#Kriminalisasi UlamaNASIONAL

Kuasa Hukum: HRS Tak Bisa Dihukum Dua Kali Atas Perkara yang Sama

Jakarta (SI Online) – Tim Advokasi Habib Muhammad Rizieq Syihab (HRS) menyatakan, Habib Rizieq tidak boleh dihukum dua kali atas perbuatan yang sama.

Kuasa Hukum HRS, Alamsyah Hanafiah mengatakan, HRS dan FPI telah dijatuhi sanksi berupa denda administrasi perihal kerumunan di Petamburan, Jakarta Pusat, pada pertengahan November 2020 lalu.

Surat tersebut merujuk pada penjatuhan denda administrasi kepada HRS dan FPI dengan total Rp50 juta. Denda itu juga sudah dibayarkan kepada Pemprov DKI Jakarta.

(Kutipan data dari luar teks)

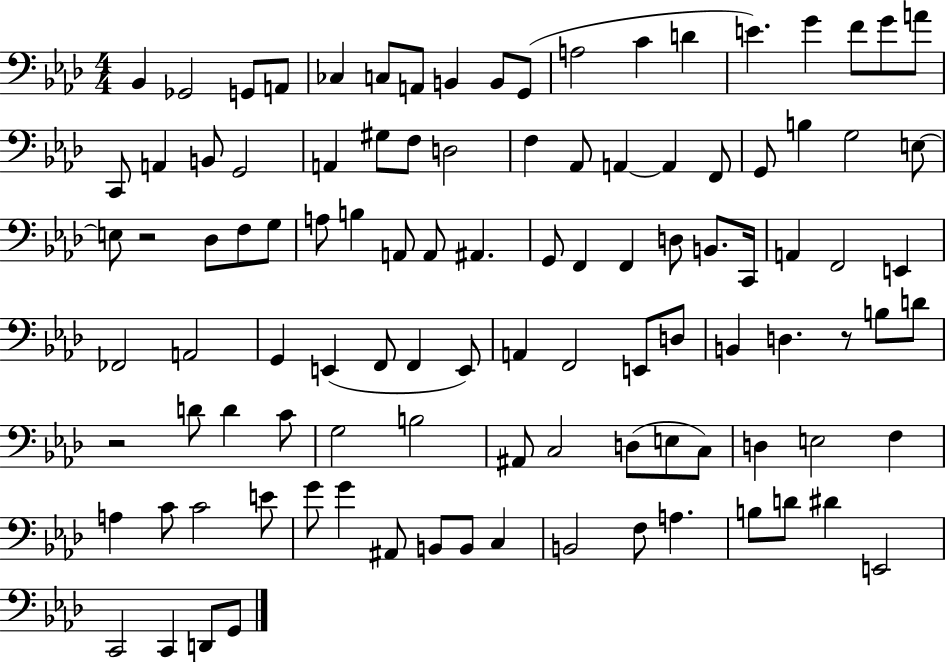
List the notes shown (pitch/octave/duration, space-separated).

Bb2/q Gb2/h G2/e A2/e CES3/q C3/e A2/e B2/q B2/e G2/e A3/h C4/q D4/q E4/q. G4/q F4/e G4/e A4/e C2/e A2/q B2/e G2/h A2/q G#3/e F3/e D3/h F3/q Ab2/e A2/q A2/q F2/e G2/e B3/q G3/h E3/e E3/e R/h Db3/e F3/e G3/e A3/e B3/q A2/e A2/e A#2/q. G2/e F2/q F2/q D3/e B2/e. C2/s A2/q F2/h E2/q FES2/h A2/h G2/q E2/q F2/e F2/q E2/e A2/q F2/h E2/e D3/e B2/q D3/q. R/e B3/e D4/e R/h D4/e D4/q C4/e G3/h B3/h A#2/e C3/h D3/e E3/e C3/e D3/q E3/h F3/q A3/q C4/e C4/h E4/e G4/e G4/q A#2/e B2/e B2/e C3/q B2/h F3/e A3/q. B3/e D4/e D#4/q E2/h C2/h C2/q D2/e G2/e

“Ada surat pemberitahuan hukuman administrasi kepada pihak FPI dan Habib Rizieq tentang masalah berkerumun menghadiri acara Maulid Nabi yang memberikan denda Rp30 juta dan Rp20 juta, jadi total Rp50 juta,” kata Alamsyah saat jeda sidang praperadilan di Pengadilan Negeri Jakarta Selatan, Rabu (6/1/2021), seperti dikutip Tribunnews.com.

Oleh karena itu, kata Alamsyah, penjatuhan sanksi denda administrasi tersebut adalah hukuman terhadap kliennya atas kerumunan yang tercipta.

Sehingga menurut dia, kliennya tidak lagi bisa dijerat hukuman lain dengan tuduhan yang sama lantaran sebelumnya telah dijatuhi sanksi denda.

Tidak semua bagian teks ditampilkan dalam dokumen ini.